De in 1969 en volgende jaren uitgevoerde restauratie van de kerk van Oldehove heeft het schip een doods aanzien gegeven. Men concentreerde zich toen nog niet zo op het behoud van het historische uiterlijk. In de spitsboogvensters op het koor en in de zijwand zijn bakstenen traceringen aangebracht, die de 19de eeuwse houten vorktraceringen vervangen. De oorspronkelijke verdeling van ramen en spaarvelden is aan de noordzijde het best bewaard gebleven. Per travee zijn er twee rondboogvensters, geflankeerd door twee gelijkvormige spaarvelden. De traveeën worden gescheiden door lisenen. De benedenzone is vlak en bevat een dichtgemaakte ingang in de middentravee. Op grond van deze wandgeleding is de kerk te dateren in de vroege 13de eeuw. Wanneer de verbouwing van de oost- en zuidwand plaatsvond, valt na de restauratie niet meer te reconstrueren, maar is wellicht 17de eeuws. Het is bekend, dat de kerk in 1664 een grote verbouwing doormaakte. De zadeldaktoren stamt uit de 15de eeuwen draagt als gotische kenmerken spitsbooggalmgaten en een versiering met driepasbogen in de sluitgevels van de top. In 1664 werd de zuideringang voorzien van een classicistische omlijsting, uitgevoerd in zandsteen. Hierboven zijn rechts de gevierendeelde wapens van I Ripperda; II van Deest; III van Heerma; IV van Heerma en links gevierendeeld I Schellingwoude; II Commerstein; III Backer; IV Reael aangebracht. Daarboven bevindt zich een cartouche, omgeven door horens van overvloed, festoenen, voluten en doodssymbolen.
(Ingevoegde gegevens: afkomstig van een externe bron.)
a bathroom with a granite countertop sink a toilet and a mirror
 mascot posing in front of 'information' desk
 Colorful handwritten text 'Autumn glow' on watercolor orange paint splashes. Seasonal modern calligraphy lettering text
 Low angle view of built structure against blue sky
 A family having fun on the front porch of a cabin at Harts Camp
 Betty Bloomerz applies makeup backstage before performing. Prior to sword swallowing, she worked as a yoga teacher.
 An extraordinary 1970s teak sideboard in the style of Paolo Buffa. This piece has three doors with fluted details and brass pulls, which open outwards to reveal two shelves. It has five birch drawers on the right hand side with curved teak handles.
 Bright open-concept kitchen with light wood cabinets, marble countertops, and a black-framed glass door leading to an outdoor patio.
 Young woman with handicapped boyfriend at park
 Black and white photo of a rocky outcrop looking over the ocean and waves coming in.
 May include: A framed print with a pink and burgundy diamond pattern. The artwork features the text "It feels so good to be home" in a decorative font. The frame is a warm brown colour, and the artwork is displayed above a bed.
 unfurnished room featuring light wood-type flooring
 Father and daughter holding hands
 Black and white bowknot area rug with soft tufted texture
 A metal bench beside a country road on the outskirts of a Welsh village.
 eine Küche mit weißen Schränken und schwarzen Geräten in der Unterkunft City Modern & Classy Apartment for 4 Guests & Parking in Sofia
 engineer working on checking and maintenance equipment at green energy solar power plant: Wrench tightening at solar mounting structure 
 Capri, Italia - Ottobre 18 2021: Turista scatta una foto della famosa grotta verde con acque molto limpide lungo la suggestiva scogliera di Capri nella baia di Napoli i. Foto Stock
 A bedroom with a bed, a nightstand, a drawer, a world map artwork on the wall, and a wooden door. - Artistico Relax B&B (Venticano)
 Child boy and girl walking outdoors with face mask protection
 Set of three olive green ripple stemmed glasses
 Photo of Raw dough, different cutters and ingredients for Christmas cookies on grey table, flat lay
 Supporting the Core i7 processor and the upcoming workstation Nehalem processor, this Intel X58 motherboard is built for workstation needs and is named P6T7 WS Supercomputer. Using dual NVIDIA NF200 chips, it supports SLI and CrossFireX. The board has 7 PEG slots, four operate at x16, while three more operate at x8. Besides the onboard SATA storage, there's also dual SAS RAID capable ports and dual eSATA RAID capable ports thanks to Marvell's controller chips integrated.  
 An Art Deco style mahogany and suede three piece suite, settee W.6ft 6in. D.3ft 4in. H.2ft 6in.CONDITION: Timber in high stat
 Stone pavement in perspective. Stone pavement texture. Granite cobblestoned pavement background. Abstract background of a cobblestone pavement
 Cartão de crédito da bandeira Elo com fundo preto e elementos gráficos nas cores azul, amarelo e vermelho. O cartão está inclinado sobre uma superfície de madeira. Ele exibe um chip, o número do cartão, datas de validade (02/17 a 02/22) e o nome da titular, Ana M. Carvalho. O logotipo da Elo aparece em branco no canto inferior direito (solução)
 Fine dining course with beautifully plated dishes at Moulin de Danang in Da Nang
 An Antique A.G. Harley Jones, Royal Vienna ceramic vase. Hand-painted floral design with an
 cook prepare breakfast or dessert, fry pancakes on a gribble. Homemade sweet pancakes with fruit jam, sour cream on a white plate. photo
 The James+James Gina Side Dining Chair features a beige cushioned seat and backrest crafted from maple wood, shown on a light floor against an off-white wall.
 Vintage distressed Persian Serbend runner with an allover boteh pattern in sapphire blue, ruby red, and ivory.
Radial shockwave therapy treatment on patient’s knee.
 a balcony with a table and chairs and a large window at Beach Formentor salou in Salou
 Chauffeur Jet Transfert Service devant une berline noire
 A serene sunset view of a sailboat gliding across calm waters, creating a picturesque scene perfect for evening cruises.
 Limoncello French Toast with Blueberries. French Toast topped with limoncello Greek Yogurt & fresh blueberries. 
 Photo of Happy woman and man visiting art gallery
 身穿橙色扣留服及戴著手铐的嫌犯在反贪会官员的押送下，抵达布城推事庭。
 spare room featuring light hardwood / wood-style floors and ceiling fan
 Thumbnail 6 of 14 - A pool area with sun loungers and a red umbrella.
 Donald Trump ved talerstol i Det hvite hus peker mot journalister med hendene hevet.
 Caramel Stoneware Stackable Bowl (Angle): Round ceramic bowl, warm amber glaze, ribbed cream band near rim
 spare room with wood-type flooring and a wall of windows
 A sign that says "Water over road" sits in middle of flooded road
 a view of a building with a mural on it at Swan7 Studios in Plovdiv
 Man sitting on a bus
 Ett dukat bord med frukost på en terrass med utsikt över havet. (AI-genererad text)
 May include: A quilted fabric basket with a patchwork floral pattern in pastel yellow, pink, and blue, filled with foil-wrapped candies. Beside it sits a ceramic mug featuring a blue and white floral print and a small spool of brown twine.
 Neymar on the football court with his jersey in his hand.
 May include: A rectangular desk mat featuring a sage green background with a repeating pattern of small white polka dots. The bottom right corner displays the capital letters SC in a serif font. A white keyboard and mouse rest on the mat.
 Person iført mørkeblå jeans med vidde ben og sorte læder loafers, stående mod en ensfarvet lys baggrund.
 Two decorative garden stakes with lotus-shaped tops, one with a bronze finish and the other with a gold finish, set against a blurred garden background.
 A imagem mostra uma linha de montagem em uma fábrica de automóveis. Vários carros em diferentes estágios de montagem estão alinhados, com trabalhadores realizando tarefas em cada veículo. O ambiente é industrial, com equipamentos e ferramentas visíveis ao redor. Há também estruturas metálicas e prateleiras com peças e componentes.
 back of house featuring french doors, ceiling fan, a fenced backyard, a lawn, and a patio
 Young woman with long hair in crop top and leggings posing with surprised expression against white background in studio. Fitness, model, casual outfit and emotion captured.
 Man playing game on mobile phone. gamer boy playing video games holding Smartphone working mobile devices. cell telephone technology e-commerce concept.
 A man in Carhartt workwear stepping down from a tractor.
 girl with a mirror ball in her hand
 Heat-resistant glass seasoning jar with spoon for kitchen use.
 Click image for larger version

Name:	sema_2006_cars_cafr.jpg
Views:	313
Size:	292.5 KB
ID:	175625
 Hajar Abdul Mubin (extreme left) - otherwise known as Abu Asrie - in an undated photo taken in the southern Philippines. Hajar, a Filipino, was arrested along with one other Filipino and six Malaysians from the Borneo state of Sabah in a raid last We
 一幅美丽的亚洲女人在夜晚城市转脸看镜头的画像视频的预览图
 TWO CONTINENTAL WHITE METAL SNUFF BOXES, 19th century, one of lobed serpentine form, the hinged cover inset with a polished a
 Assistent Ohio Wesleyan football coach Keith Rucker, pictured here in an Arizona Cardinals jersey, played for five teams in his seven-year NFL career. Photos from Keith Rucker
Inwendig is de toren op de begane grond verdeeld in drie ruimten, waarvan er één als voorportaal dienst doet en verlicht wordt door twee oeils-de boeuf. Daar tegenover is een cachot met tralievensters. Daarbinnen is de gedichte noordingang zichtbaar. In het torenportaal is de oude klok opgesteld. De huidige luidklok is afkomstig uit de verdwenen kerk van Oterdum. Het portaal wordt gedekt door een koepelgewelf, de wanden worden geleed door spitsboognissen. De hogere torenverdiepingen zijn bereikbaar door een gemetselde wenteltrap. Het schip is gevuld met goed bewaard gebleven meubilair,dat na de restauratie grotendeels op zijn plaats gebleven is. De preekstoel staat ongeveer in het midden van de zuidwand. Hij maakt de indruk samen- gesteld te zijn uit onderdelen van verschillende herkomst uit verschillende perioden. De geschubde hoekzuiltjes en de onderkuip lijken ouder dan de kuippanelen. Aan de binnenzijde zijn de sporen van diverse herstellingen zichtbaar. Aan het doophek is een zeer bezienswaardige offerbus bevestigd. Hij wordt vastgehouden door een geestige koperen hand. De zeszijdige bus heeft een gewelfd deksel. Daaronder bevindt zich de gleuf en twee afgedekte sleutelgaten. Er is een opschrift in zwierige letters. Op de avondmaalstafel staat een tweede offerbus, eveneens van koper, daterend uit de 18de eeuw, ditmaal 8-zijdig. Ten oosten van de preekstoel staat de kerkenraadbank uit 1650. Op het koor staan banken voor de bewoners van de Englumborg, de Ewsums en later de Ripperda 's. Hun wapens staan op het opzetstuk. Voorts bevindt er zich een bank met het familiewapen van de Mepsche's uit Den Ham. Onder het koor zijn twee grafkelders, waarvan er een de zandstenen tombe bevat voor de gravin van Cobenzel, die met een Ripperda getrouwd was. Ofschoon zij katholiek was, is ze toch in een protestantse kerk begraven. Als katholiek kenmerk is op de zijkant het brandend hart afgebeeld met het onderschrift Charitas Dei. Daarnaast treffen we het Christusmonogram, cartouches met opschriften, waarin het chronogram 1730 is aangebracht, aan de achterzijde gekruisde doodsbeenderen en voorop het familiewapen.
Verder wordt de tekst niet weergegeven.